Faircado's extension silently surfaces pre-owned alternatives while you browse Amazon – no separate search, no habit change required.
ENTRY ANGLES
Cross-platform search engine with unique convenience features for secondhand goods · Community retention via digital wardrobe tracking to generate seller supply · Point-of-purchase capture before customer acquisition by competitors
VERTICALS
CAPABILITIES
Two-sided marketplace platform design, Cross-platform integration and search technology, Supply-side community building and retention
Faircado built a search engine for secondhand goods. Right now it covers clothing, electronics, and books.
The clever part: in an ideal world, you don't need to search at all. Install the browser extension, then shop on your usual sites – Amazon, for instance – exactly as you normally would.
The extension tracks what you're looking at and automatically surfaces secondhand alternatives in a small panel. If the extension can't identify the item from the page, you can click the product image and trigger a manual Faircado search from the right-click menu.
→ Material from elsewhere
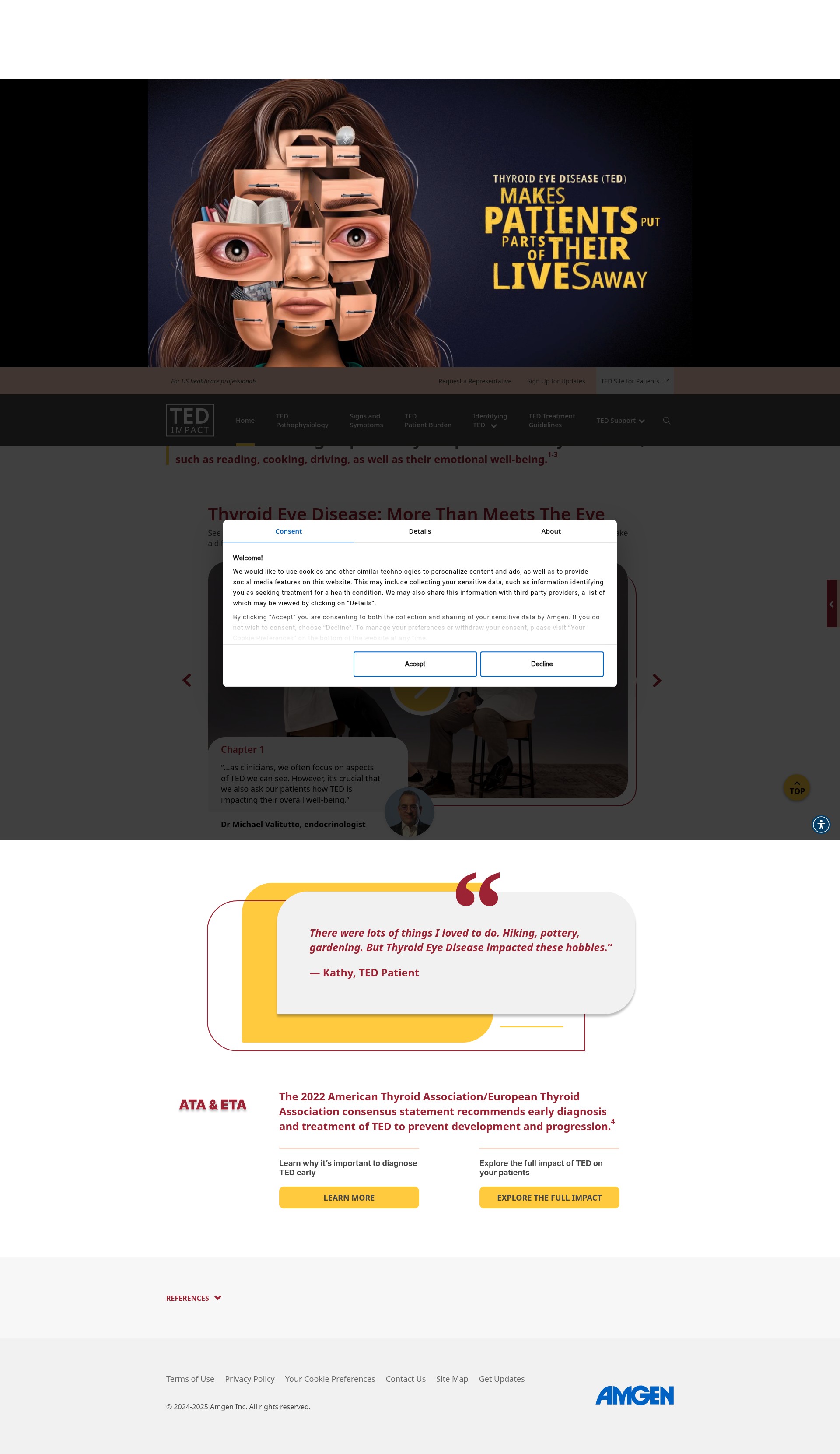 Screenshot of tedimpact.com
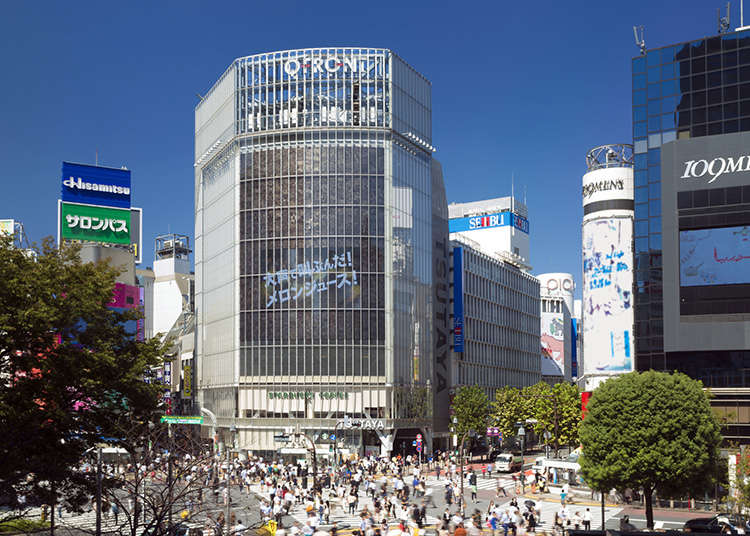 Shibuya dan Harajuku dahulu dan sekarang.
Page parsing and image-based search are handled by Faircado's own AI, which the startup says can parse pages from 1,600 e-commerce sites and search a database of 50 million secondhand items.
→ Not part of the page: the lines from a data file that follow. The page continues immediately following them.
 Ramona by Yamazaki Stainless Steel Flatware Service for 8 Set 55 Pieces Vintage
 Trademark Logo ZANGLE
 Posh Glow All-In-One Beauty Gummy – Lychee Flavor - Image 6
Results come from Faircado's network of partner resale sites – including eBay. Partners pay both for traffic sent to their sites and a commission on completed purchases. Faircado now has more than 50 such partners.
The search engine is still in beta with just a few thousand users, but the startup has raised a new €2.3 million round, adding to the €750,000 it raised to build the platform initially.
A secondhand search engine was also built by Gently, [covered here](/review/chto-to-tipa-gugla) in fall 2022, which raised $2 million in its first round. So there's genuine investor appetite for this category.
The appeal is the market itself. The global secondhand goods market is projected to reach $350 billion by 2028. Used clothing alone is growing three times faster than the overall apparel market.
According to ThredUp, 52% of consumers bought secondhand clothing in 2023. Among younger shoppers the number is even higher – 65% of them did. When you zoom out, 2 in 5 clothing purchases over the past twelve months were secondhand, and those items accounted for nearly half of total clothing spend.
The motivations vary by generation in ways that are worth understanding:
- Gen Z (18–26) shops secondhand to assert individuality – to avoid wearing the same mass-market brands as everyone else. The premium items they actually want are out of reach at full price.
- Millennials (27–42) buy used to keep the whole family dressed on a realistic budget.
- Gen X (43–58) wants quality brands but prefers to buy them secondhand rather than pay full price for seasonal releases.
- Baby Boomers (59+) thrift for fun. Brand doesn't matter – the pleasure is in the hunt.
Faircado's key insight is embedding itself in existing shopping habits rather than trying to create new ones. People already go to Amazon. The extension meets them there. That's a materially smarter approach than asking users to adopt a new workflow – because nothing is harder than building new habits in consumers.
This was flagged a few days ago when [covering](/review/drugaja-prostaja-mehanika-vmesto-marketplejsa) Haz, another secondhand clothing startup. Haz built an app that automatically notifies you when a friend buys new clothes – which means those clothes are now used – and lets you buy them through the same app later. Haz raised €1.2 million in its first round.
Croissant, [covered here](/review/reshaem-staruju-problemu-no-vryvaemsja-na-novyj-rynok) last summer, takes yet another angle: it offers shoppers a guaranteed buyback price on clothing they're purchasing right now, valid for twelve months. The startup then resells those items on secondhand marketplaces. Croissant raised $24 million in its first round.
The broad direction here is the secondhand goods market – and to be clear, we're not talking about opening a thrift store. The opportunity is in building platforms that make it easier for everyone else to buy and sell used goods.
Conceptually, this whole market is one big two-sided marketplace. For buyers to find quality secondhand items, sellers need to supply them. Without enough good supply, demand doesn't materialize.
So the critical problem any platform needs to solve is how to generate sufficient supply of quality inventory.
Path one: build a cross-platform search engine with unique convenience features, which is what Faircado and Gently are doing.
Path two: build and retain a community of people who periodically want to sell what they own. Haz engages them with a digital wardrobe tracker; Croissant catches them at the point of purchase, before they've even gotten home.
The supply-side route is harder to get started but creates stickier relationships – once someone's wardrobe is tracked or their purchase history is logged, switching costs are real. That asymmetry is worth weighing before picking a direction.